COLLECTED MATERIAL:
____________

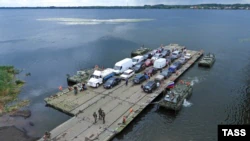 Автомобили на понтонном пароме, организованном российскими оккупантами возле поврежденного ударами ВСУ Антоновского моста через реку Днепр, 3 августа 2022 года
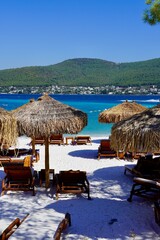 Bodrum, Turkey - August 2020: Hotel beach Lujo. Vacation in Paradise. Beautiful tropical beach banner. White sand travel tourism wide panorama background concept. Amazing beach landscape, yachts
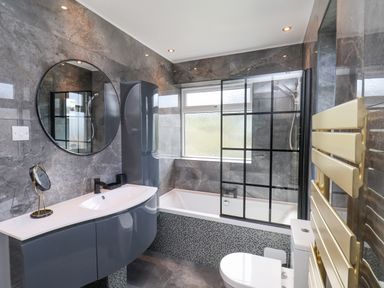 A bathroom with a bathtub, a round mirror, a sink with a cabinet, a toilet, and a heated towel rail at 315 Filey Road Scarborough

____________

THE TASK: Reproduce the listing exactly, but omit every picture in it.

SOLUTION TO THIS TASK:
 Автомобили на понтонном пароме, организованном российскими оккупантами возле поврежденного ударами ВСУ Антоновского моста через реку Днепр, 3 августа 2022 года
 Bodrum, Turkey - August 2020: Hotel beach Lujo. Vacation in Paradise. Beautiful tropical beach banner. White sand travel tourism wide panorama background concept. Amazing beach landscape, yachts
 A bathroom with a bathtub, a round mirror, a sink with a cabinet, a toilet, and a heated towel rail at 315 Filey Road Scarborough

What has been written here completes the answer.